Sunday, June 1, 2008

NREGS and foodgrain prices

There have been some recent reports of agriculture labour shortages and rise in the wages of agriculture labour, from many parts of the country. Given the overwhelming presence of National Rural Employment Gurantee Scheme (NREGS) in these areas, questions are being raised about the schemes contribution to these outcomes.

The NREGS is the flagship poverty alleviation program of the Government of India, which seeks to guarantee atleast 100 days of employment every year to the rural poor. It seeks to enhance livelihood security by providing assured Rs 60 per day for 100 days of employment a year to one member of every rural unemployed family

Is NREGS, atleast partially, responsible for this? Is NREGS exerting a "crowding in" effect on labour in the rural areas? Is the alternative availability of NREGS bidding up wage costs in villages? Is NREGS ultimately responsible for higher foodgrain prices? If only theoretically, all the aforementioned remains strong possibilities.

Higher labour costs will ensure that the long exploited agriculture labour will start getting their rightful wages from atleast now. But since labour is a significant component of agriculture costs, any rise in this input cost will put upward pressure on foodgrain prices. Production costs will rise, and atleast a share of the increase will be passed on to the consumers by way of higher foodgrain prices. Whether this is the sequence of events and NREGS' contribution to it, is yet to be fully analyzed.

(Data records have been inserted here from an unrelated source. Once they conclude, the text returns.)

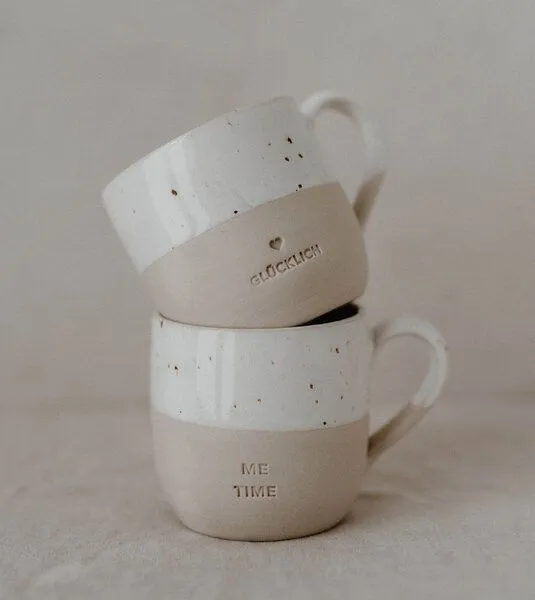 Eulenschnitt Eulenschnitt Cappuccinotasse aus Steingut, Weiss, – Produktbild 4 von 4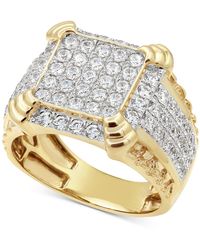 Macy's Diamond Cluster Ring (2-1/4 Ct. T.w.) In 10k Gold Or 10k White Gold - Metallic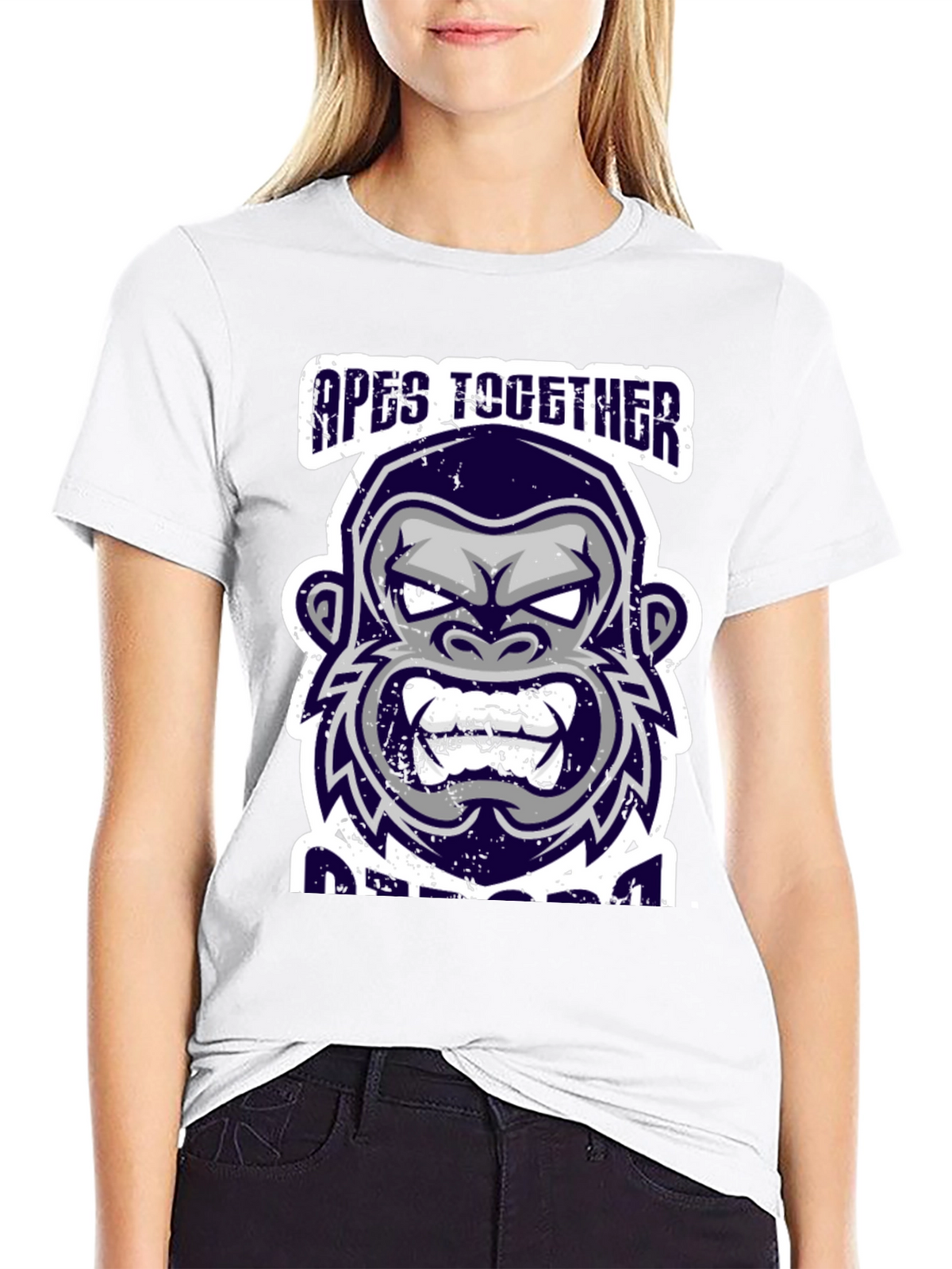 Apes Together Strong Graphic Tee - Black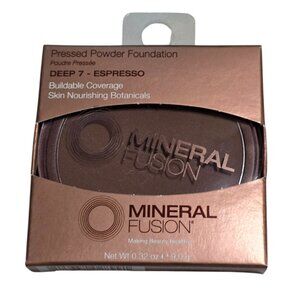 NWT Mineral Fusion Pressed Powder Foundation Deep 7 - Espresso
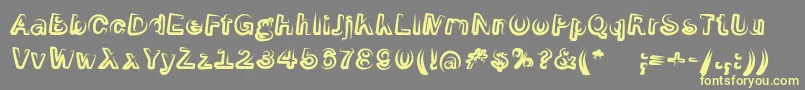 SmokeScreenobl Font – Yellow Fonts on Gray Background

But, higher wages for agriculture labour and higher prices for agriculture products may actually end up increasing, rather than decreasing, foodgrain production. The favorable turn in terms of trade for agriculture produce may incentivize farmers to make more investments in agriculture and increase their production.

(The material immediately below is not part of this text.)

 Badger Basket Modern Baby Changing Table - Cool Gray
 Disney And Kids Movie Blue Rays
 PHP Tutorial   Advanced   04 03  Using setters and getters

If NREGS is indeed responsible for higher rural wages, then the scheme may have unwittingly enough achieved its objective of ensuring higher incomes for rural labour. That community assets like irrigation channels and small connecting roads have been created in the process is a bonus. But are these gains sustainable? That will be the true yardstick for measuring the success of NREGS.

There are a few other issues that needs to be analyzed to understand the full impact of the scheme. How are the increased incomes being spent? What has been its impact on agriculture production itself? What has been the impact of the scheme on socio-economic outcomes like school enrollment and retention, nutritional and health care parameters?